# how can I get my chestnut horse shiny?



## CountryChick (Feb 12, 2012)

I have a local horse show coming up and I don't know how to get my chestnut horse to look shiny. I have been asking a few horse people what they use and do and reading a lot about some foods and products to use, but there is sooo many things out there and now I am confused what to do. I would like some advice what to do  thanks!


----------



## Jumper12 (Feb 2, 2012)

well balanced diet+ grooming grooming grooming! Even with a long winter coat my horse is shiny and pretty right now because I groom her before and after I ride which is pretty much everyday!! Hope this helps and your horse is shiny for your show! good luck!


----------



## SpiritedLittleCopperSpots (Mar 4, 2010)

Yep, diet and grooming!

But if you are looking for something "instant", use a product like ShowSheen or LaserSheen, etc...... but make sure you do not use it on your saddle area!
Also I would not recommend it for use on your horses mane and tail, as the silicone tends to dry the hair out and cause it to be brittle and break......


----------



## CountryChick (Feb 12, 2012)

Thanks


----------



## CountryChick (Feb 12, 2012)

I have heard of some people putting eggs in there horses feed to make horses coats shiny. Is that healthy for them? Does it work?


----------



## SpiritedLittleCopperSpots (Mar 4, 2010)

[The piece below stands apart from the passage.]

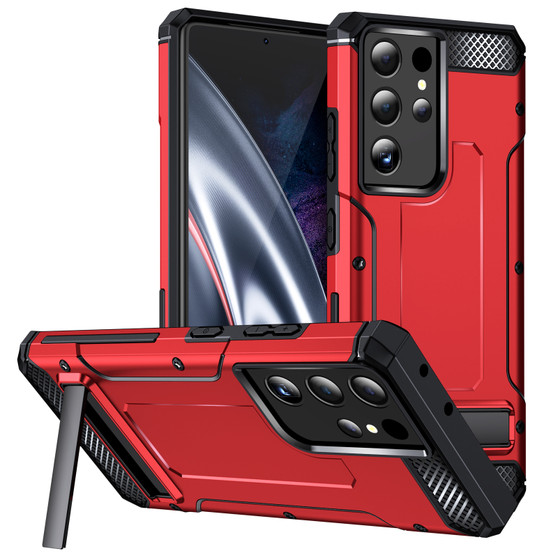Cubix [Tough Armor] Case for Samsung Galaxy S21 Ultra [Military-Grade Drop Tested] Slim Rugged Defense Shield Shock Resistant Hybrid Heavy Duty Back Cover Kickstand (Red)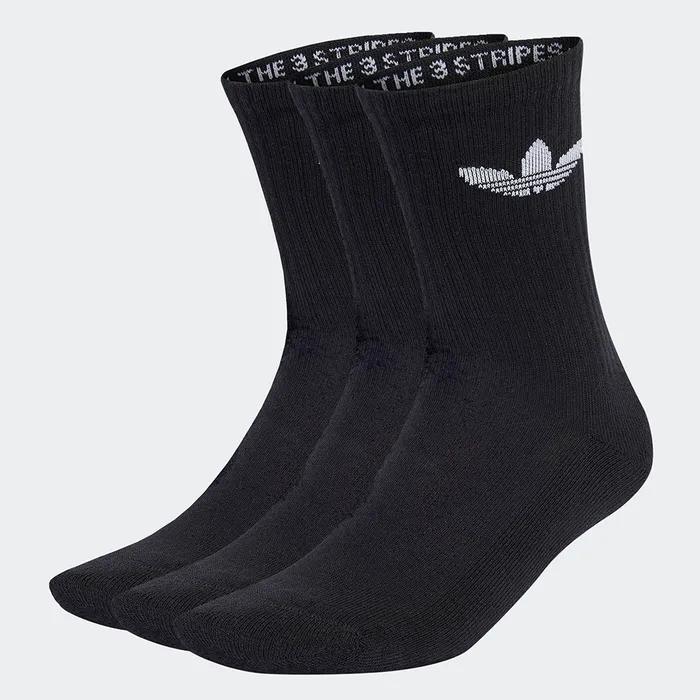 Trefoil Cushion Crew Socks 3P - Black / IJ5613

Sorry never heard of that before, but I do know people supplement grain or pelleted feeds with Oil, like corn or vegetable... to encourage weight gain as well as improve coat health.
I think if you do a search along those lines you could probably find some informative post about it here on the forum.


----------



## caseymyhorserocks (Apr 5, 2010)

Please do NOT feed your horse corn oil, or any other kind of vegetable oil. Although it is great for getting a shine on the coat and gaining weight on horses, the health risks out-lie the benefits. Corn oil contains almost all Omega 6 fatty acids, which are pro inflammatory. Then the oil and pro inflammatorys often chronically affects the horses joints, skin, or lungs. 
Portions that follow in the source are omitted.